The story had actually been reported yesterday evening by the GT and Phoenix on the basis of foreign agency reports, but at that point they were using the less sensational term “collide with” (pengzhuang 碰撞) rather than “ram” (zhuangji 撞击) in the headline.

A pattern seems to be emerging in the recent treatment of South China Sea-related stories. Phoenix News is again paying the most attention, currently running the incident in the #1 lead headline story position, with Netease and Sina also running it on their front pages, but much further down, among the hundreds of normal-sized links.

Netease certainly seems to be into the spirit of sensationalism, running with the juicy “Filipino patrol boat rams Chinese fishing boat” [zh] line. The story may well have been further up among the headlines earlier in the day, because it is on Netease that the biggest and most interesting discussion [zh] has taken place so far, with nearly 2000 comments and more than 65,000 participants – and the latter figure has shot up by about 15,000 in just the last hour.

This is good to see. The Philippines’ shameless-whore nature has come out – I’ll ram you on purpose, then play completely innocent. Accidental? This is a case of testing China’s bottom line – if you don’t retaliate this time, I’ll go further next time. Foreign Ministry, let’s see how you react this time, you couldn’t possibly just fart and let it go, could you? [11,020]

Do the Foreign Ministry and Ministry of Defense have anything to say? [7007]

Our Foreign Ministry is currently deciding whether to express regret, condemn or strongly condemn, based on the degree of fermentation of interest from netizens . . . no, that won’t do, just send China’s magical, brave and utterly incomparable chengguan over to discuss the matter with the Philippines . . . you know [6424]

Fuck, hurry up and denounce, I strongly demand that they be denounced to death, fuck [6205]

[ . . . ]

Actually we could make some “tiny” incidents happen, then issue “sincere” apologies, but we don’t have the guts [3075]

[ . . . ]

Calling ourselves a righteous country, being bullied everywhere, apologizing is just lip-service, compulsory, weak and cowardly Chinese nation, when will you step up? [4319]

Actually, the Philippines is now denying [en] that it even apologized:

“No apologies were necessary and none was given,” the Foreign Affairs chief [Alberto del Rosario] said in a statement.

After going through the top-rated comments in the above Netease discussion, I looked at the most recent comments as they flowed in at a rate of several per minute, and in came this sardonic exchange:

Commenter 1 (Heilongjiang):  The deliberate ramming just one side of things – isn’t it more important that the Philippines Navy was violating China’s territorial waters?

Commenter 2 (Sichuan): No, their [Beijing leaders'] bottom line is Beijing’s Second Ring Road.

Oh dear.

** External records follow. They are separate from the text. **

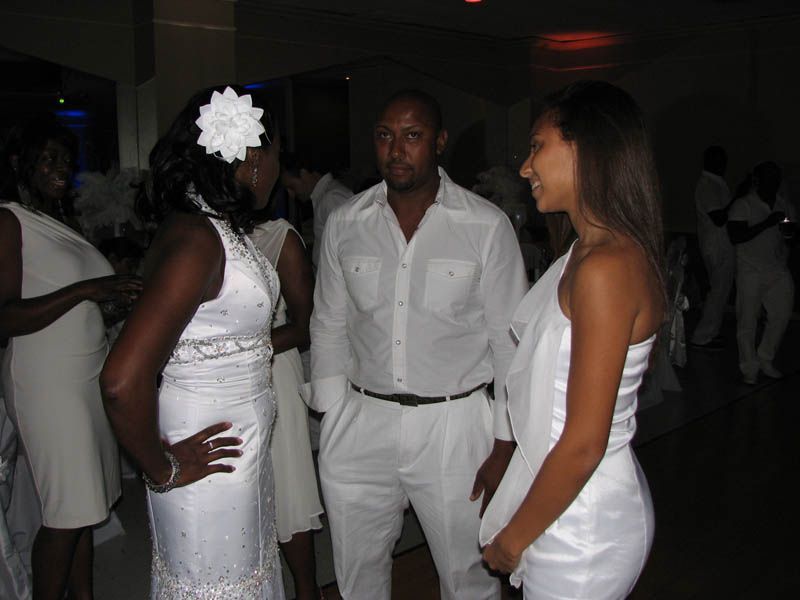 Three people in white attire conversing at a social gathering. Man in the middle; woman on each side.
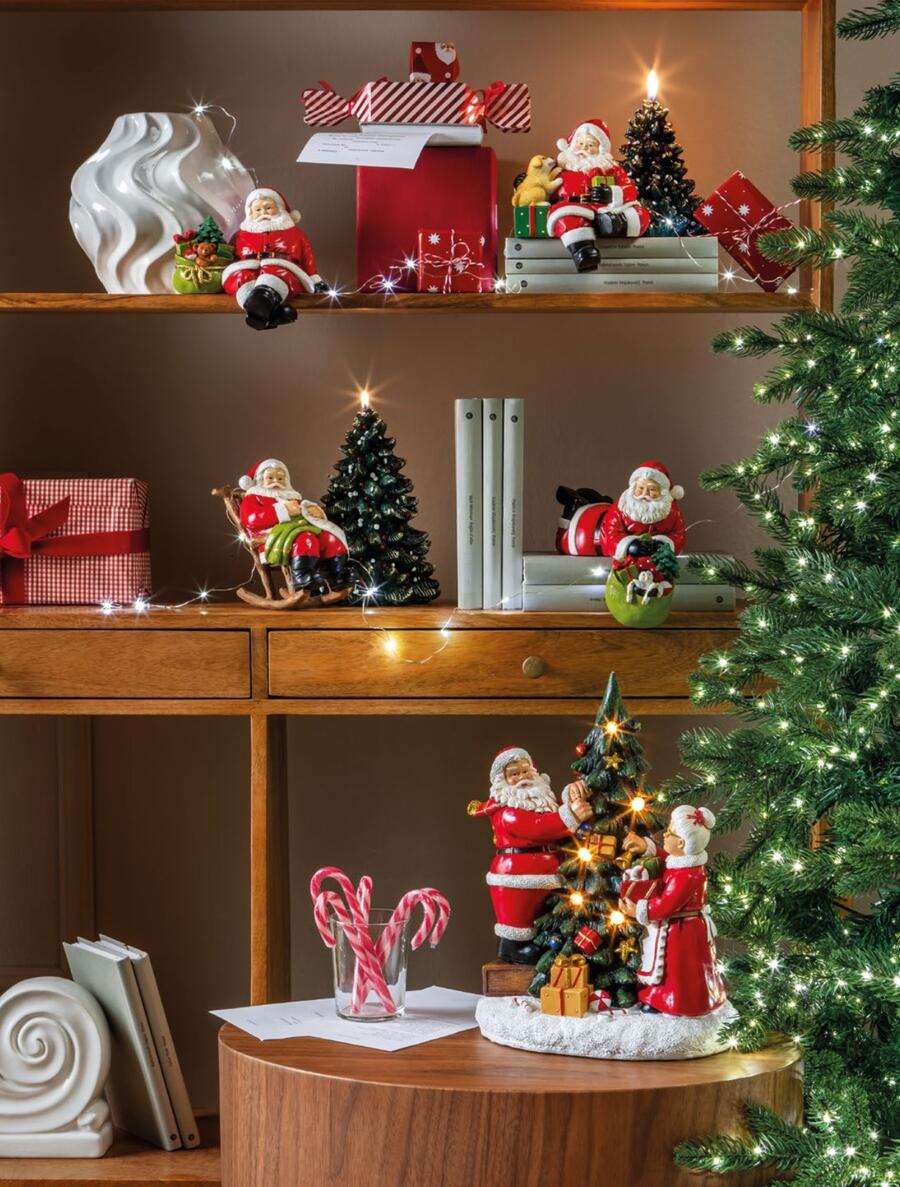 L'Oca Nera - Natale 2025 "Regali per tutti" Babbo Natale su sedia a dondolo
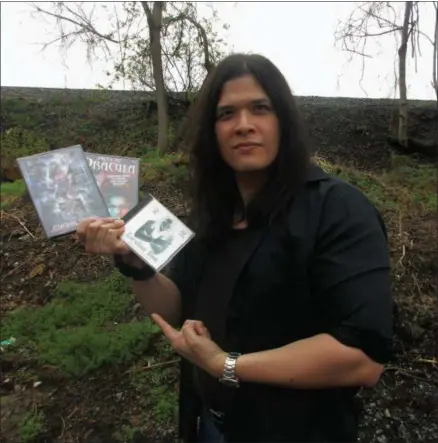  ?? PHOTOS SPECIAL TO THE DISPATCH BY MIKE JAQUAYS ?? Wayne W. Johnson of Syracuse holds a pair of DVDs and a CD of some of the many movie and rock music projects he has been involved with over the years. He will appear this weekend at the “We Need A Hero! Con 2017” pop culture and comic book show...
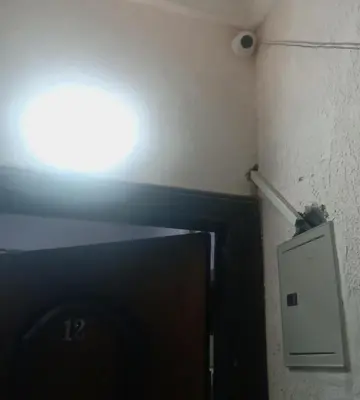a light on the corner of a room with a tv at Yasin - Enjoy the privacy of staying in a quiet apartment with free Wi-Fi as your complete second home in the heart of Hurghada in Hurghada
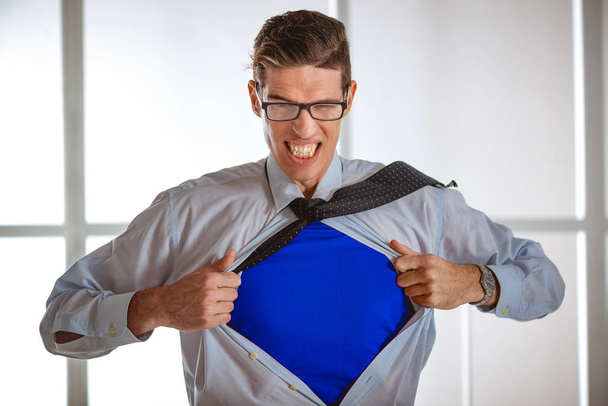 Uomo d'affari arrabbiato strappando camicia aperta ed esponendo costume blu supereroe sotto
 - Foto, immagini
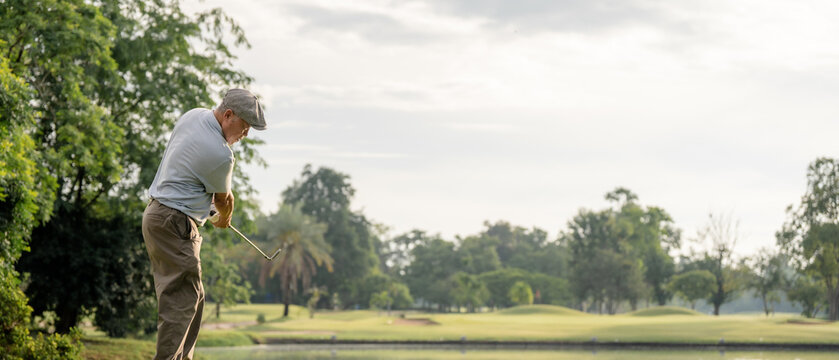 Professinal golf player on golf course. Pro golfer taking a shot. sport, golf, golfer, golfing, club,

I actually feel sorry for Jiang Yu and the Foreign Ministry.

=========

UPDATE 25/10: Over the weekend NetEase managed to stir-fry the issue even further by translating a Filipino newspaper article taunting Chinese diplomacy for being a “toothless tiger” [zh], discussion of which prompted 4840 comments, with a staggering 275,000 participants weighing in. The top comments all expressed agreement with the Filipino article, along a spectrum from bitter to hearty (“The Filipino media has given voice to exactly what ordinary Chinese people are thinking”).

Although the story’s source is specified as Xinhuanet, the source link is to the page’s own URL, and I can find no trace of it on any other news sites, including Xinhua’s. This raises the question as to what hidden agendas NetEase might have for pushing the story where its competitors have not, but without in-depth research into the company’s ownership and control structure i’d be getting out of my depth there.